Enclosure, Carrigthomas, Co. Cork
Co. Cork |
Enclosures
In a pasture on the north-facing slope at Carrigthomas, something in the landscape quietly refuses to behave like ordinary farmland.
A roughly circular earthwork, measuring about 34 metres east to west and 30 metres north to south, sits enclosed by a scarp that still rises to around 1.4 metres in places. Its interior has been deliberately raised on the northeast side to level out the natural fall of the hillslope, a detail that speaks to considerable effort and intention. A gap just under three metres wide opens to the southeast, the kind of formal entrance arrangement that distinguishes a constructed enclosure from a natural feature. To its north and northeast, a semicircular extension defined partly by a natural rock outcrop and some stone facing adds a further, slightly irregular annex to the whole.

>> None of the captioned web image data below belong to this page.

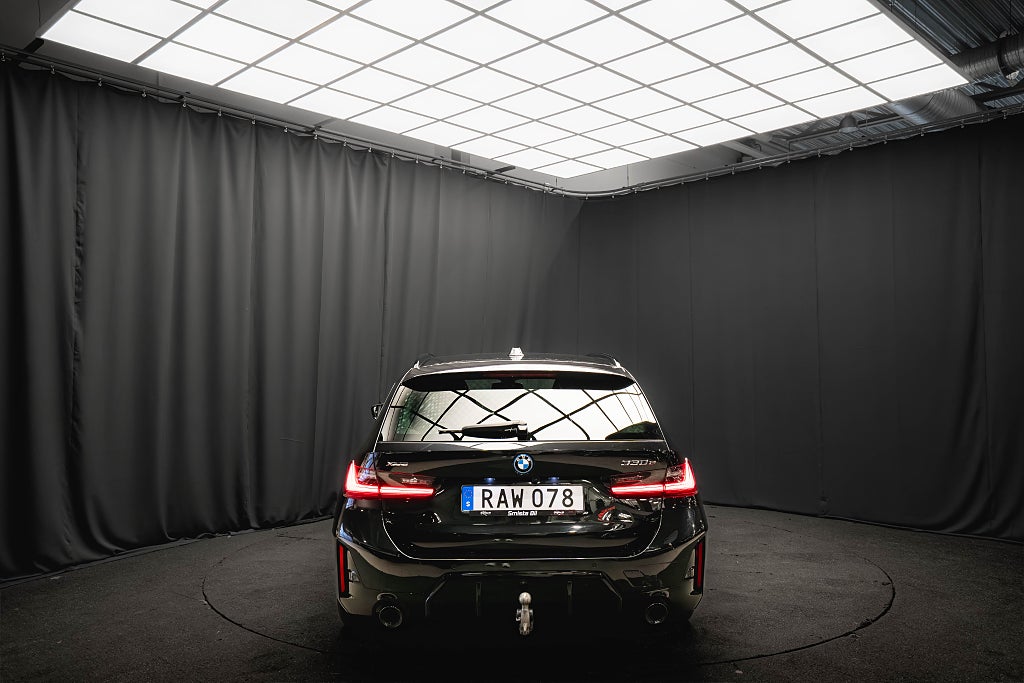BMW 330e xDrive M Sport BLACK DRAG KAMERA 19'' 1-ÄGARE MOMS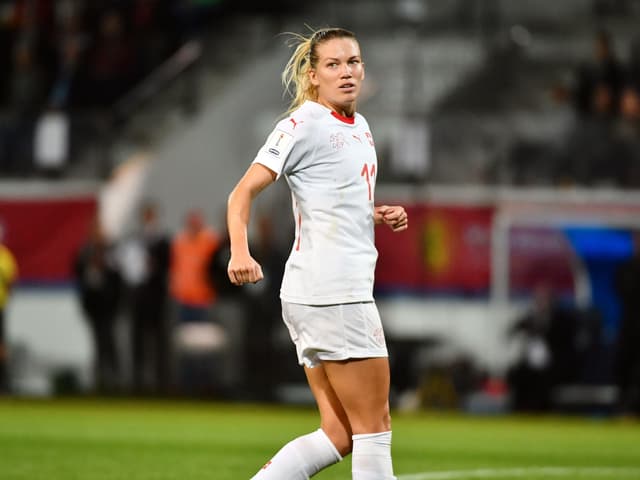 Lara Dickenmann. Lara Dickenmann.
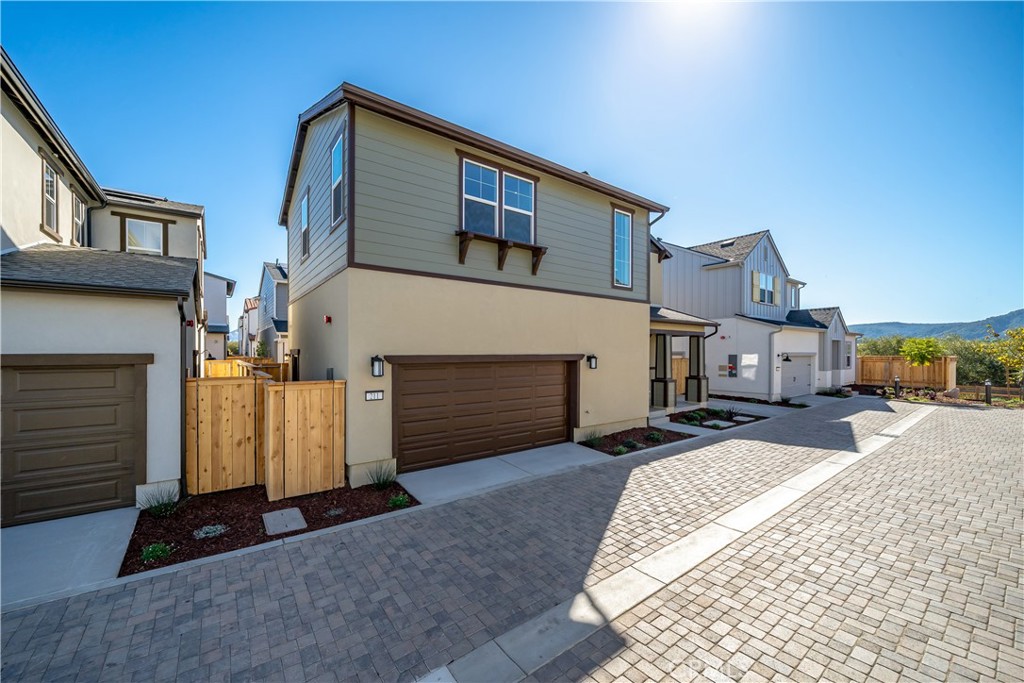 211 Foxtrot Ct, San Luis Obispo, CA 93401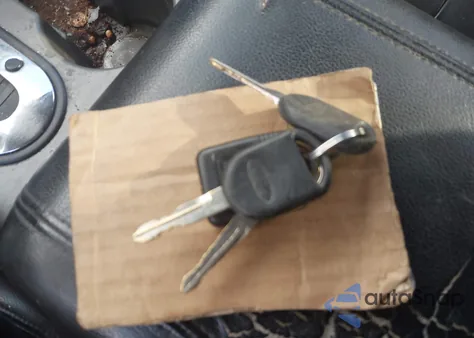 2005 Ford F-150 Lariat/Xlt from USA, damaged, VIN 1FTPW12525FA40418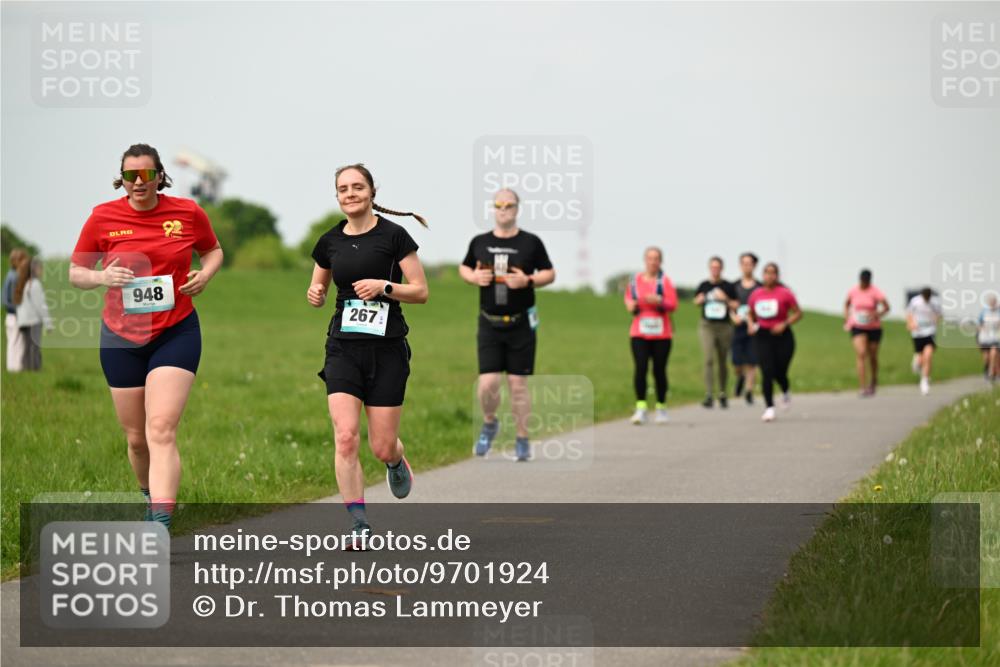 10.05.2026 - 8. Wedeler Halbmarathon Dr. Thomas Lammeyer http://msf.ph/oto/9701924 10.05.2026 11:45:36 Laufen 948, 267 meine-sportfotos.de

Locally, the site has long been known as a lios or lisheen, terms used in Irish for a ringfort, the type of enclosed farmstead that was the dominant settlement form in early medieval Ireland, roughly between the fifth and twelfth centuries. Ringforts, which could be defined by earthen banks, stone walls, or scarped ground depending on local materials and terrain, were typically the homesteads of farming families, sometimes with enclosures for livestock. The local name was noted by Hartnett as far back as 1939, suggesting the community's memory of the place as something ancient and set apart had persisted long before any formal archaeological attention. Later stone field boundaries have been built across and on top of the earlier earthwork, a common fate for such sites, as successive generations of farmers incorporated prehistoric and early medieval remains into their working landscape without necessarily erasing them entirely.